Von Ulrich Fischer |
    Caryl Churchills neues Stück "Here We Go" – auf Deutsch am besten wohl mit "Auf geht's" übersetzt – ist ein unkonventionelles Schauspiel. Es hat keine fest umrissenen Figuren. Auch ihre Zahl ist unbestimmt und statt der üblichen Akte oder Szenen hat Caryl Churchill Blöcke geschrieben. Im ersten Block sammelt sie Fetzen einer Unterhaltung auf einer Feier nach einem Begräbnis:
    "Yes, his mind/extraordinary mind/literature of course, but also/could have been."
    Kein Satz ist vollständig. Selbst, wer genau zuhört, kann sich kein Bild des Verstorbenen machen. Die meisten Bemerkungen sind höflich, einige sarkastisch, alle oberflächlich. Was man eben so sagt.
    Im zweiten Block berichten die Figuren, wann und unter welchen Umständen sie gestorben sind. Krankheit, Alter, und auch ein Unfall. Die Toten sprechen:
    "I die the next day. I'm knocked over by a motorbike crossing a road in North London."
    Es gelingt den Schauspielern immer wieder, den schwarzen Humor im Text zu entbinden. Trotz des ernsten Themas wird bei der Uraufführung oft gelacht.
    Der dritte Block ist der spektakulärste. Die Überschrift lautet "After" – "Danach". Gemeint ist, nach dem Sterben. Eine Figur befindet sich auf dem Weg ins Jenseits. In London ist es ein Mann an der Schwelle des Alters. Er weiß nicht, was ihn erwartet und hat Angst. Ihn plagt die Furcht, es könne so etwas wie eine Hölle geben, obwohl er, als er noch lebte, nicht daran glaubte.
    In diesem Block wird die zentrale Frage des Stücks gestellt. Leben wir unser Leben intensiv genug? Nutzen wir es oder vertändeln, verschwenden wir unsere wertvolle Zeit?
    Caryl Churchill endet mit einer stummen Szene. Ein Greis, zu schwach, um sich selbst anzukleiden, wird von einer Pflegerin angezogen. Dann wieder ausgezogen. Anschließend wieder angezogen – eine lähmende Routine.
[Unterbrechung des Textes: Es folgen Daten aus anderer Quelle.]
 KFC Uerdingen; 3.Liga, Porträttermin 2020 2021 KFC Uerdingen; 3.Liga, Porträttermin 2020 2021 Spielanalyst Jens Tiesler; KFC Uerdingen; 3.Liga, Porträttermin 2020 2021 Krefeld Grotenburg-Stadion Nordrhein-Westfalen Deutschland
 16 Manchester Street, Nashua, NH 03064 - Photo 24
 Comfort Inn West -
    Ähnlich wie Elfriede Jelinek gibt Caryl Churchill den Theaterleuten ein hohes Maß an Freiheit. Sie können entscheiden, wie viele Figuren auftreten – in London sind es neun – und wie genau der Text arrangiert werden soll. Elemente des zweiten Blocks können gut in den ersten eingefügt werden. Der Regisseur und die Schauspieler haben viele Möglichkeiten.
    In London inszenierte Dominic Cooke die Uraufführung. Der Regisseur hat lang am Royal Court in London gearbeitet, der britischen Bühne für die Avantgarde. Er greift die Herausforderungen Caryl Churchills auf und arbeitet vor allem die Intensität des Stücks heraus.
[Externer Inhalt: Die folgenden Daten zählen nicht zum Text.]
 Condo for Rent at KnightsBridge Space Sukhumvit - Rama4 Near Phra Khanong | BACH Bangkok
    Die letzte Szene wirkt am stärksten. Ein Einzelzimmer eines Altenheims wird mit Bett, Sessel und einem Rollator angedeutet. Eine Pflegerin zieht einem alten Herrn mit unendlicher Geduld den Schlafanzug aus, das Hemd, die Hose, Strümpfe und Schuhe an. Der alte Herr nimmt mühsam im Sessel Platz. Dann das Entkleiden, der Schlafanzug, das Bett. Drei Mal. Langsam verlöschen die Scheinwerfer. Es ist still geworden im Zuschauerraum, man könnte die sprichwörtliche Nadel fallen hören.
    Die Aufführung ist stark, das Ensemble spielt konzentriert. Auf die Gefahr, das Leben nicht ernst genug zu nehmen, soll das Stück hinweisen. Das überzeugendste dieses kurzen, nur 40 Minuten dauernden Schauspiels ist die Mahnung ans Publikum, zu erkennen, wie einzigartig menschliches Leben ist. "Here We Go" ist sowohl ein Stück über Zerfall, Sterben und Tod als auch gleichzeitig über die Kostbarkeit menschlichen Lebens.
    Beides gehört untrennbar zusammen.